■ PROBLEM DESCRIPTION
Lines containing "tweet" should be pulled from the material below.

━━━━━━━━━━━━━━━━━━━━━━━━━━━━━━

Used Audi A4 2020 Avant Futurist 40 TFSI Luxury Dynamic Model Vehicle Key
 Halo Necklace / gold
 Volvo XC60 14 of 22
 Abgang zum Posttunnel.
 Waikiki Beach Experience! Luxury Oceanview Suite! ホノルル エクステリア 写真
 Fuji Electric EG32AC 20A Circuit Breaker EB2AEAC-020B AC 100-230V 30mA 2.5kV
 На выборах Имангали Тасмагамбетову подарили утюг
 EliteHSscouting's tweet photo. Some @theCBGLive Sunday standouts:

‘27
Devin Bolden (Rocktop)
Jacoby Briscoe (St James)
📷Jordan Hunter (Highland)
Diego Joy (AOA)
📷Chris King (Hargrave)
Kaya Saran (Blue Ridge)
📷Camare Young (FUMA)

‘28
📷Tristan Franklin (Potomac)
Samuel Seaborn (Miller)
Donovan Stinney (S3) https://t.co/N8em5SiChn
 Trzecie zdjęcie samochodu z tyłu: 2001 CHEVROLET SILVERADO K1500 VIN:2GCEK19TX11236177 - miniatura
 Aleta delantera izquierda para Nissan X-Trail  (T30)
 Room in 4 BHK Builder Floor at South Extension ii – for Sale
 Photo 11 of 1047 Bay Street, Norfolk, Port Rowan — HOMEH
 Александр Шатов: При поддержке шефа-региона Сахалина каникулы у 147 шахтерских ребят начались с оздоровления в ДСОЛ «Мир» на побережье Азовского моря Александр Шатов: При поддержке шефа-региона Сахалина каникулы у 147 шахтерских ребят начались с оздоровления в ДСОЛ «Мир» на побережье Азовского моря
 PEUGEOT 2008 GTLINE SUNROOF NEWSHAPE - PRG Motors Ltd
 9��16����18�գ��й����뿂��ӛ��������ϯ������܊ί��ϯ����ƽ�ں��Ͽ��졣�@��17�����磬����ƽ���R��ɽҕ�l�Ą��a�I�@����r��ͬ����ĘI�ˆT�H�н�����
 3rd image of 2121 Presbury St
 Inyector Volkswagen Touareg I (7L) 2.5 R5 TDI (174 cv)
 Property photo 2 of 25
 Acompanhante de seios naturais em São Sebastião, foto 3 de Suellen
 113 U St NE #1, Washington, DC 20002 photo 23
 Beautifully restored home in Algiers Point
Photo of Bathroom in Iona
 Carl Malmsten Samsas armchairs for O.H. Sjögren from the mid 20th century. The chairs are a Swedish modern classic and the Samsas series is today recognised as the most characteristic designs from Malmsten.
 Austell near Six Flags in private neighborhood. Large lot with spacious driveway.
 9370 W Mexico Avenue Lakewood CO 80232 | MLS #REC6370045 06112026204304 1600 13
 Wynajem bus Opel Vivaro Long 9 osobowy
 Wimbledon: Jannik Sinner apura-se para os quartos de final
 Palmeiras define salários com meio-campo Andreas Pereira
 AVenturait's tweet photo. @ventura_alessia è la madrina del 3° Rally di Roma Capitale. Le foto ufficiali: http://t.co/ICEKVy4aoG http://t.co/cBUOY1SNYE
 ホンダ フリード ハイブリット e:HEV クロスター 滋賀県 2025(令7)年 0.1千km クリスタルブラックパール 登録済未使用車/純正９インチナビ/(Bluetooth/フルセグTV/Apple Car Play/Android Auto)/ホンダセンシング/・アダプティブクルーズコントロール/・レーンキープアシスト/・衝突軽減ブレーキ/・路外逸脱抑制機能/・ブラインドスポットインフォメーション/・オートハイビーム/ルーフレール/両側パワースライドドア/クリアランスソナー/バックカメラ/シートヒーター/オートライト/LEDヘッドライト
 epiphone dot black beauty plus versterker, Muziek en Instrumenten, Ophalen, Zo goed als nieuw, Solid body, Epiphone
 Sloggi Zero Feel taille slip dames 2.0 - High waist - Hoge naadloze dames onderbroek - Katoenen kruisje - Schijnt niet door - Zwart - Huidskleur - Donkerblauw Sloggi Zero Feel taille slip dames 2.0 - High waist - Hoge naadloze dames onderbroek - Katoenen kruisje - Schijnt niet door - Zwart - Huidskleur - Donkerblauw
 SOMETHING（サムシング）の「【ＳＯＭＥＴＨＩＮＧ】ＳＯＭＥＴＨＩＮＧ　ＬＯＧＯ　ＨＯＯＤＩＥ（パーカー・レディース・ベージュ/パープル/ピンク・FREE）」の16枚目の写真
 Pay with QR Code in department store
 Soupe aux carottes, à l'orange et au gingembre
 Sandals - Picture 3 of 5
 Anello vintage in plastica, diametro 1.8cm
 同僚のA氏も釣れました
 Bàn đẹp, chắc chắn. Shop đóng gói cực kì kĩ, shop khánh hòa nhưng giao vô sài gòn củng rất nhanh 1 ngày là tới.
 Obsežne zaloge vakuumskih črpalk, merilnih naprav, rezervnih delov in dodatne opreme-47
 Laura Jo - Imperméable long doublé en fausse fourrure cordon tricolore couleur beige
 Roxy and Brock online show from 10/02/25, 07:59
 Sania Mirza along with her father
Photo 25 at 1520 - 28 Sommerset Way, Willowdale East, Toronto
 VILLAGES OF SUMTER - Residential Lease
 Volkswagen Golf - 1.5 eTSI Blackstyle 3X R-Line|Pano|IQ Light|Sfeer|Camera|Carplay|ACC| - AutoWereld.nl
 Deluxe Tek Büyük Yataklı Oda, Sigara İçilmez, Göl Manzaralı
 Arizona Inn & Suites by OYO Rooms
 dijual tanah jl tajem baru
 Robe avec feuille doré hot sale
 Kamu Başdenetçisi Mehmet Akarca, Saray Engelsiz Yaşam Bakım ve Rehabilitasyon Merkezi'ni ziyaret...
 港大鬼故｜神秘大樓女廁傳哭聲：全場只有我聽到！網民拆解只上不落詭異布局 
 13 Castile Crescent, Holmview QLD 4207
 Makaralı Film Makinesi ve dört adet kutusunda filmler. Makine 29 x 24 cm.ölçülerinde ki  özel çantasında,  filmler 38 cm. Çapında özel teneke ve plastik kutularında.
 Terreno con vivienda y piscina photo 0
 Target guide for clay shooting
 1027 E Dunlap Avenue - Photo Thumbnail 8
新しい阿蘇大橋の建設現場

━━━━━━━━━━━━━━━━━━━━━━━━━━━━━━

■ ANSWER SPACE
 EliteHSscouting's tweet photo. Some @theCBGLive Sunday standouts:
 AVenturait's tweet photo. @ventura_alessia è la madrina del 3° Rally di Roma Capitale. Le foto ufficiali: http://t.co/ICEKVy4aoG http://t.co/cBUOY1SNYE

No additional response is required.